From the first line of the data below through the line bearing "Paracelsus: An Introduction", reproduce each line exactly; do not include pictures.

[Records supplied — start]

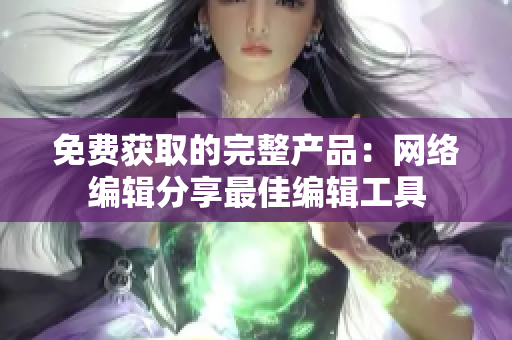 免费获取的完整产品：网络编辑分享最佳编辑工具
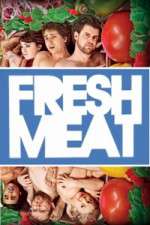 Watch Fresh Meat Movie2k
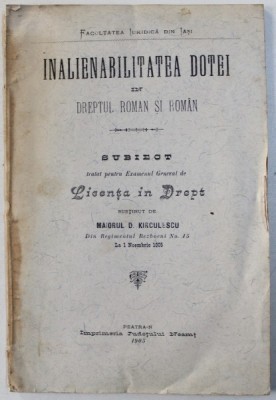 INALIENABILITATEA DOTEI IN DREPTUL ROMAN SI ROMAN , subiect tratat pentru examenul general de Licenta in Drept de MAIORUL D. KIRCULESCU , 1905 foto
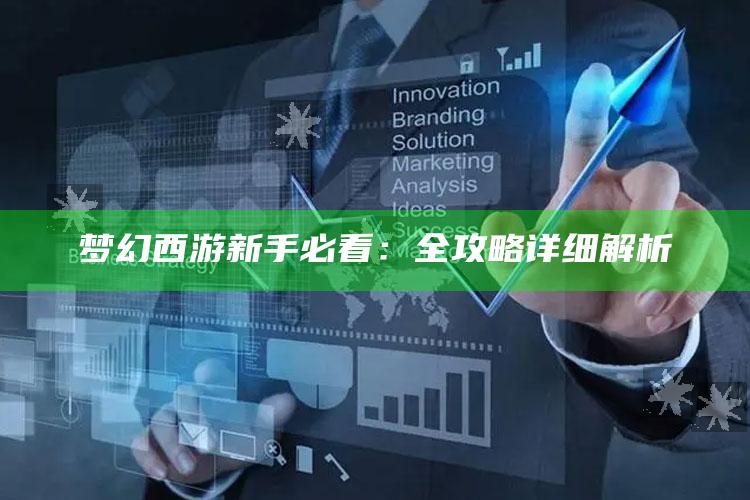 梦幻西游新手必看：全攻略详细解析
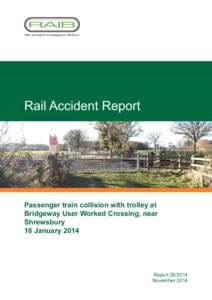 Rail Accident Report  Passenger train collision with trolley at Bridgeway User Worked Crossing, near Shrewsbury 16 January 2014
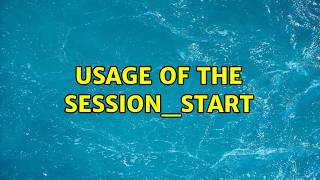 Usage of the session_start (5 Solutions!!)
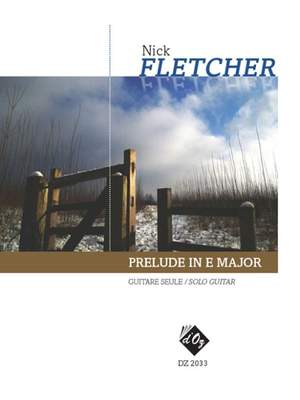 Nick Fletcher: Prelude in E major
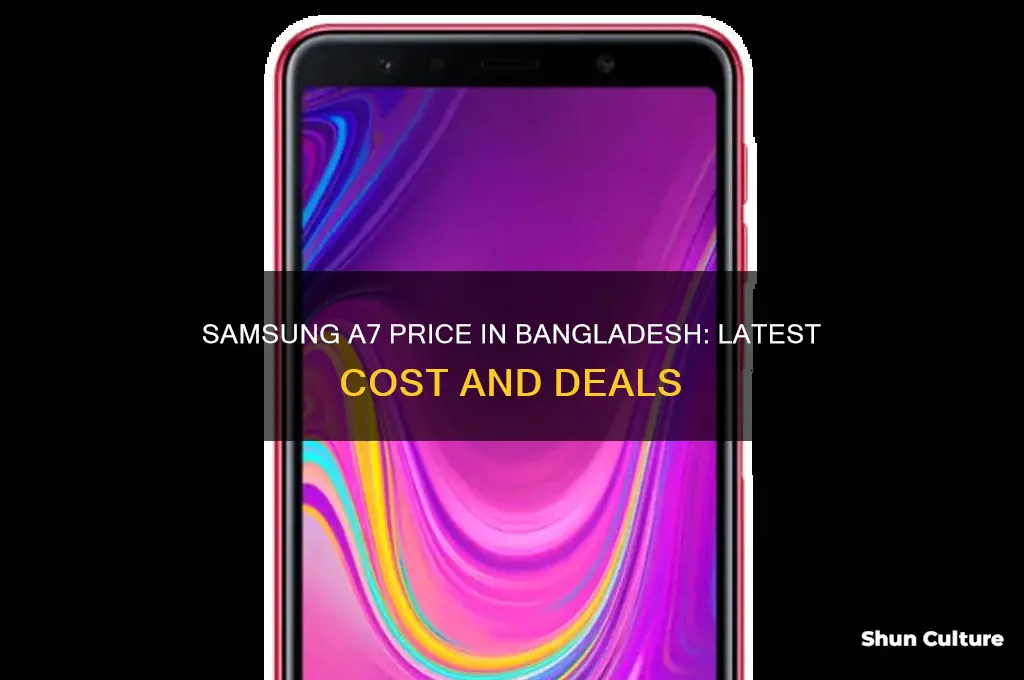 what is the price of samsung a7 in bangladesh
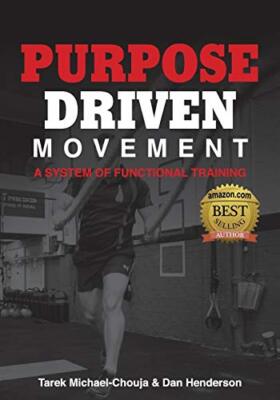 Purpose Driven Movement: A System for Functional Training by Tarek ...
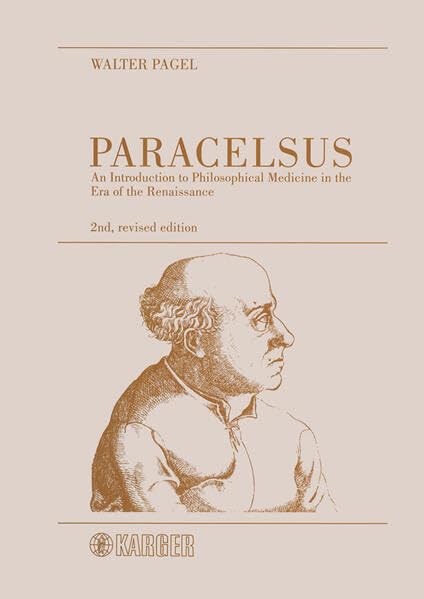 Paracelsus: An Introduction to Philosophical Medicine in the Era of the Renaissance by Walter Pagel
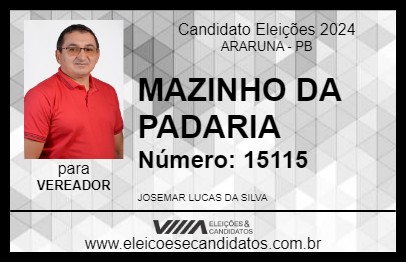 Candidato MAZINHO DA PADARIA 2024 - ARARUNA - Eleições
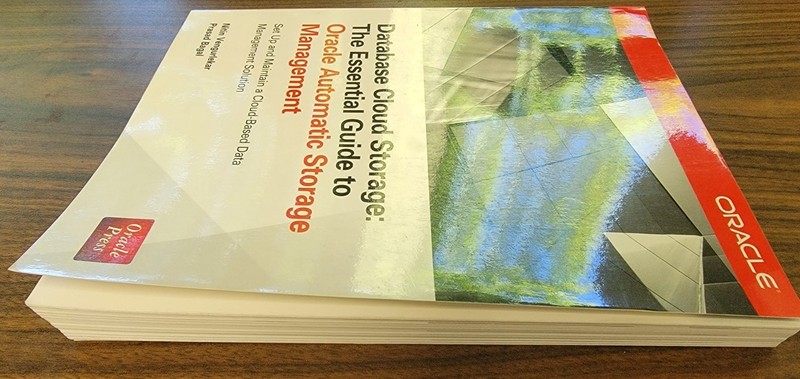 Database Cloud Storage: The Essential Guide to Oracle Automatic Storage Mgmt. gallery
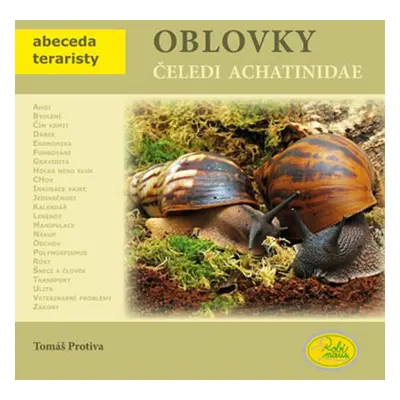 Oblovky plži čeledi achatinidae - Abeceda teraristy (Tomáš Protiva)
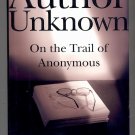 AUTHOR UNKNOWN ~ ON THE TRAIL OF ANONYMOUS BY DON FOSTER 1ST ED. HBDJ BOOK NM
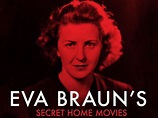 Watch Eva Braun's Secret Home Movies | Prime Video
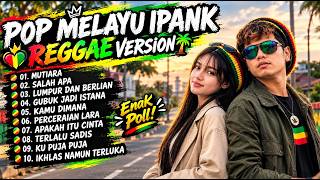 POP MELAYU IPANK REGGAE VERSION 🔥 Lagu Melayu Terbaik & Paling Enak Didengar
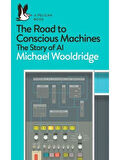 The Road to Conscious Machines The Story of AI - Pelican Books - Michael J. Wooldridge
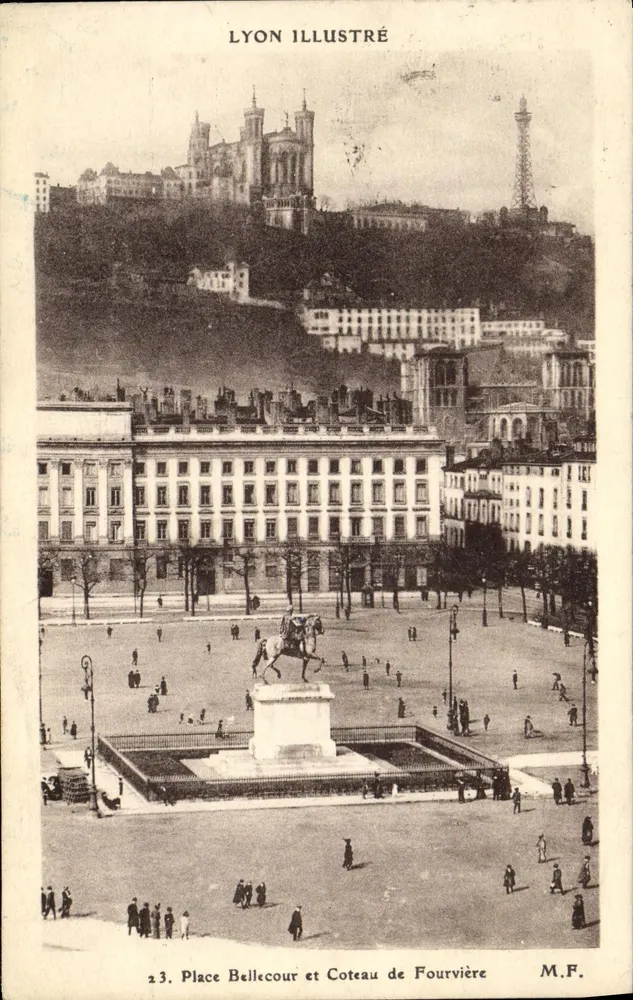 Place Bellecour und Coteau de Fourvière — Lyon — Ausgabe Lyon Illustré, n°23 - Vorderseite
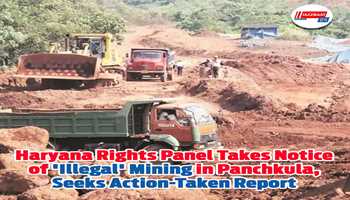 Haryana Rights Panel Takes Notice of 'Illegal' Mining in Panchkula, Seeks Action-Taken Report


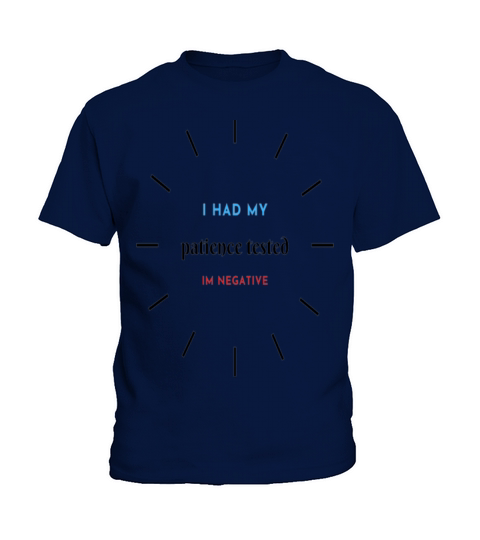 i had my patience tested im negative Kids T-Shirt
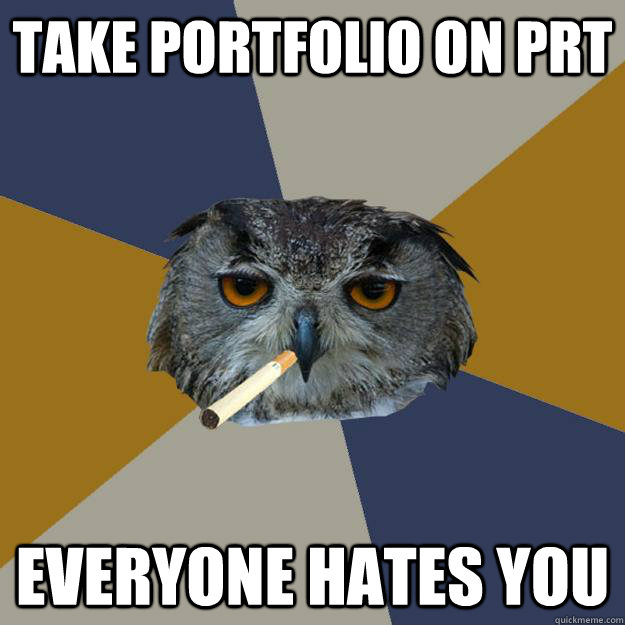 take portfolio on prt everyone hates you - take portfolio on prt everyone hates you  Art Student Owl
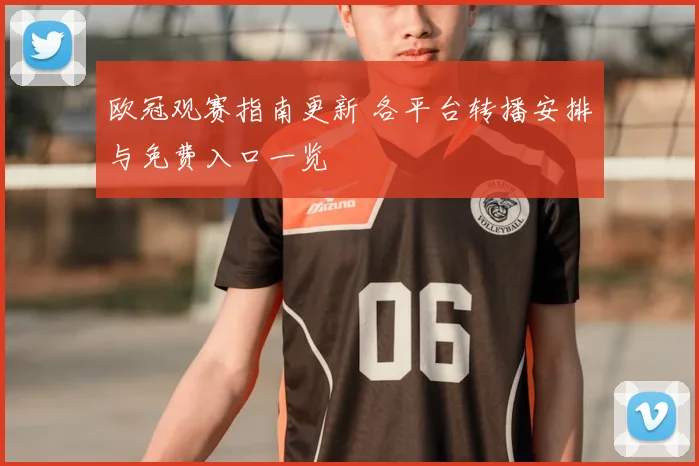 欧冠观赛指南更新 各平台转播安排与免费入口一览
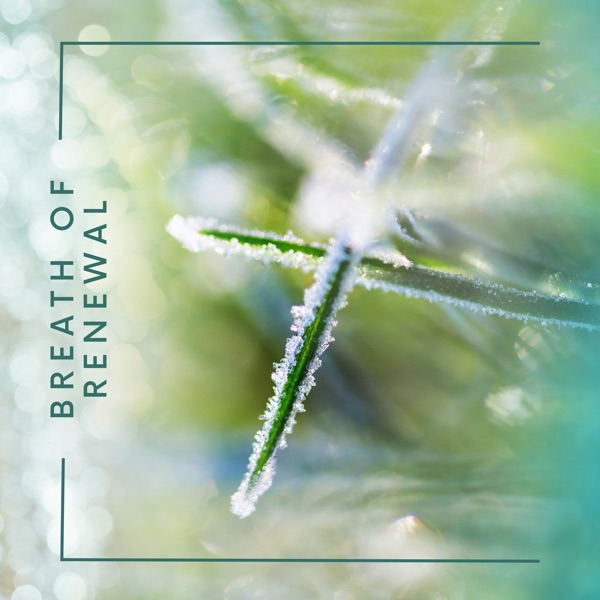 Breath of Renewal
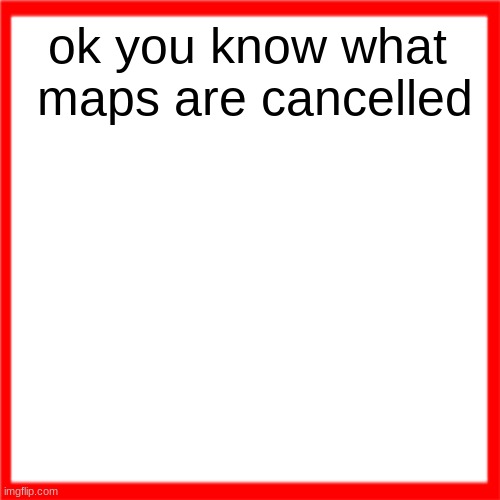 Red box | ok you know what  maps are cancelled | image tagged in red box | made w/ Imgflip meme maker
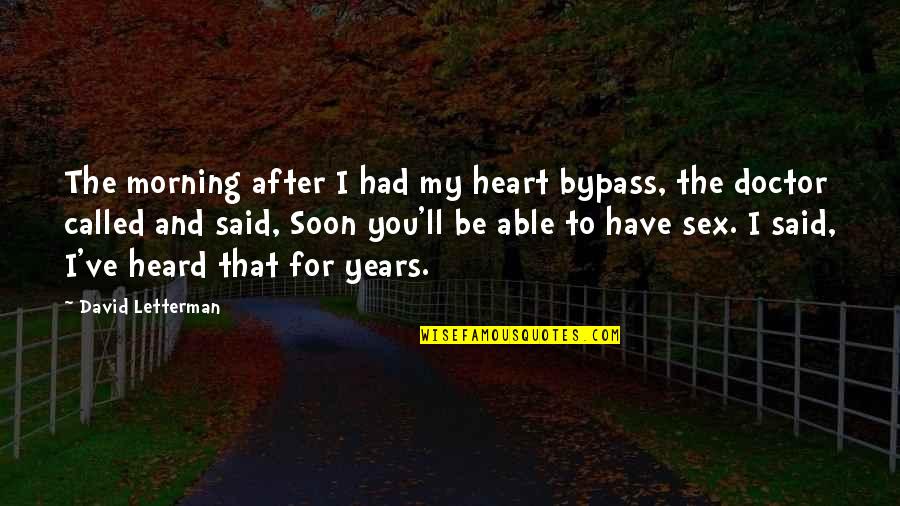 Stoeva Quotes By David Letterman: The morning after I had my heart bypass, Stoeva Quotes By David Letterman: The morning after I had my heart bypass,
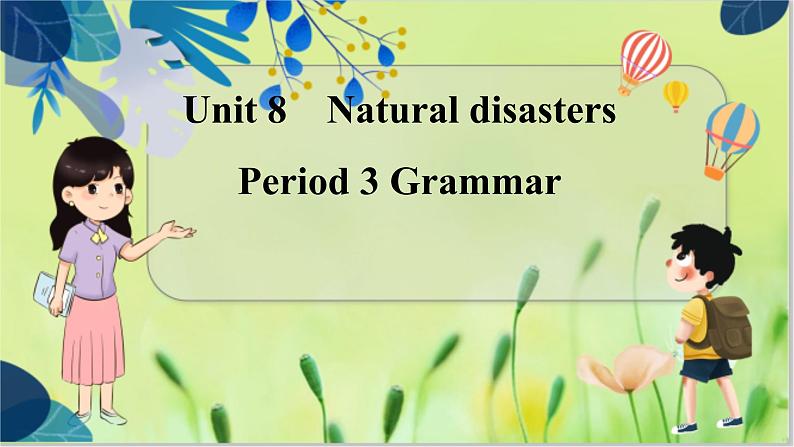 译林版英语八年级上册 Unit 8 Period 3 Grammar PPT课件01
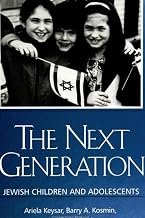 The Next Generation: Jewish Children and Adolescents (American Jewish Society (Dis))
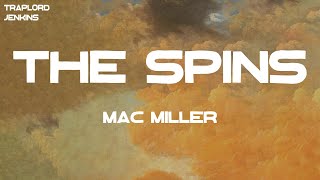 Mac Miller  The Spins Lyrics [upl. by Colton]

[Records supplied — finish]

Output:
 免费获取的完整产品：网络编辑分享最佳编辑工具
 Watch Fresh Meat Movie2k
 INALIENABILITATEA DOTEI IN DREPTUL ROMAN SI ROMAN , subiect tratat pentru examenul general de Licenta in Drept de MAIORUL D. KIRCULESCU , 1905 foto
 梦幻西游新手必看：全攻略详细解析
 Rail Accident Report  Passenger train collision with trolley at Bridgeway User Worked Crossing, near Shrewsbury 16 January 2014
 Usage of the session_start (5 Solutions!!)
 Nick Fletcher: Prelude in E major
 what is the price of samsung a7 in bangladesh
 Purpose Driven Movement: A System for Functional Training by Tarek ...
 Paracelsus: An Introduction to Philosophical Medicine in the Era of the Renaissance by Walter Pagel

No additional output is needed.